DATA FOR THIS EXERCISE
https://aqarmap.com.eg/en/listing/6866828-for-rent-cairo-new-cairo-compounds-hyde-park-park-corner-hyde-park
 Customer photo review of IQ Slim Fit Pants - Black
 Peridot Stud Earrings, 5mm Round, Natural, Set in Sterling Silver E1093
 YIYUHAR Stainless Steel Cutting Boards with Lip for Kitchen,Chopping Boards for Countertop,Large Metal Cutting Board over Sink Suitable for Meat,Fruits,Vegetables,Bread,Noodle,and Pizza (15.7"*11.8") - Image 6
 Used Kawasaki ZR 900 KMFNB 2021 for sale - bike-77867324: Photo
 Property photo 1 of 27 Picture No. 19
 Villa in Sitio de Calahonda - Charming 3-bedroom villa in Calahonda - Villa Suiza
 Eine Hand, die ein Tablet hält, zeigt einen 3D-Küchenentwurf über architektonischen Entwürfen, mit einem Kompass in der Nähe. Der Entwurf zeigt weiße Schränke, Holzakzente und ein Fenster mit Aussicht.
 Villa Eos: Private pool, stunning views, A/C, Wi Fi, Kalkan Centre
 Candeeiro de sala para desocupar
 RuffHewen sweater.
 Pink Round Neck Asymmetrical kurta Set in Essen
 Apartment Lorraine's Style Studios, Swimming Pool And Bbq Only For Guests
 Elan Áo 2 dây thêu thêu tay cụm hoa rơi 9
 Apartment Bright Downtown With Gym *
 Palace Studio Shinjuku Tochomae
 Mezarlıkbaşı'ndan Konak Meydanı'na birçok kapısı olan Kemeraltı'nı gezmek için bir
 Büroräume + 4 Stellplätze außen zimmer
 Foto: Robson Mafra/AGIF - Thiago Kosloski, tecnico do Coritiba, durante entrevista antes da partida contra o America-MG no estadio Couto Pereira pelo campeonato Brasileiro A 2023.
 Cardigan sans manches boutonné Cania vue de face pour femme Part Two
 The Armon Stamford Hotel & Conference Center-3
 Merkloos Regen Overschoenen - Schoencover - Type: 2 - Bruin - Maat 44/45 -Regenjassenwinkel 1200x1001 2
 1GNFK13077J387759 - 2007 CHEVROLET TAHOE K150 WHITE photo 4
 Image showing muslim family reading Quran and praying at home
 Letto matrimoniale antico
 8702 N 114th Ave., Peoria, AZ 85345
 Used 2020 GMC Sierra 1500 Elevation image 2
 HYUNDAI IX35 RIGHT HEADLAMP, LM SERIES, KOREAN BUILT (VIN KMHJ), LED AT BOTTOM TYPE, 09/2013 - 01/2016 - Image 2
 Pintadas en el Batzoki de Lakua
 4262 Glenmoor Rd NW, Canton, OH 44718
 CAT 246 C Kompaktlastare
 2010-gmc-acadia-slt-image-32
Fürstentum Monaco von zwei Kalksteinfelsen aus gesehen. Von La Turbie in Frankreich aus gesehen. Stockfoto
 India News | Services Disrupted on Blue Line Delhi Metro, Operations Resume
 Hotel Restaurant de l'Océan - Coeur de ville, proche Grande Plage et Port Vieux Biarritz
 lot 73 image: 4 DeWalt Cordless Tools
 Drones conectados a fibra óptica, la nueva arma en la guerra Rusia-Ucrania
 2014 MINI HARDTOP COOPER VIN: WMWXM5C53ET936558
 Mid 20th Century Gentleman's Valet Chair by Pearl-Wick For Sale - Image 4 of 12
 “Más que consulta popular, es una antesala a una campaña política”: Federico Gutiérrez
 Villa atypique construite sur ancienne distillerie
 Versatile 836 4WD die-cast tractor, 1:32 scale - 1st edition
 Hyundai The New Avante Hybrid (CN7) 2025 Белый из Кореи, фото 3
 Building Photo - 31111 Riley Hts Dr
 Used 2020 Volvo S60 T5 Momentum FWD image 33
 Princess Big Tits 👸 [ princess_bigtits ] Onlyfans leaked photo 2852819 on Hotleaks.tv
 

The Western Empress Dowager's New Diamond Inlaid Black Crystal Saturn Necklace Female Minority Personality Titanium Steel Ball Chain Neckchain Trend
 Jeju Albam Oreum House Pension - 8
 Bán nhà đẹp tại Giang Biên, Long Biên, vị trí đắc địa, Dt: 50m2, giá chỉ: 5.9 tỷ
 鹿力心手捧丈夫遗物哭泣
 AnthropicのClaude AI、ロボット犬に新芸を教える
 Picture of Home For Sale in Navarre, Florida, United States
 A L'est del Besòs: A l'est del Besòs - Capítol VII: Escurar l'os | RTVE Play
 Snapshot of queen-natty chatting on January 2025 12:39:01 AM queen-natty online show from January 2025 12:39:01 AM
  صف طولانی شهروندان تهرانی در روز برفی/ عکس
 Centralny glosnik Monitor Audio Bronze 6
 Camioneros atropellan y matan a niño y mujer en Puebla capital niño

REQUIRED ACTION
The required output is the exact run of lines from the beginning of the listing above to the line that contains "Property photo 1 of 27 Picture No. 19", inclusive of both.

RESPONSE TO THIS EXERCISE
https://aqarmap.com.eg/en/listing/6866828-for-rent-cairo-new-cairo-compounds-hyde-park-park-corner-hyde-park
 Customer photo review of IQ Slim Fit Pants - Black
 Peridot Stud Earrings, 5mm Round, Natural, Set in Sterling Silver E1093
 YIYUHAR Stainless Steel Cutting Boards with Lip for Kitchen,Chopping Boards for Countertop,Large Metal Cutting Board over Sink Suitable for Meat,Fruits,Vegetables,Bread,Noodle,and Pizza (15.7"*11.8") - Image 6
 Used Kawasaki ZR 900 KMFNB 2021 for sale - bike-77867324: Photo
 Property photo 1 of 27 Picture No. 19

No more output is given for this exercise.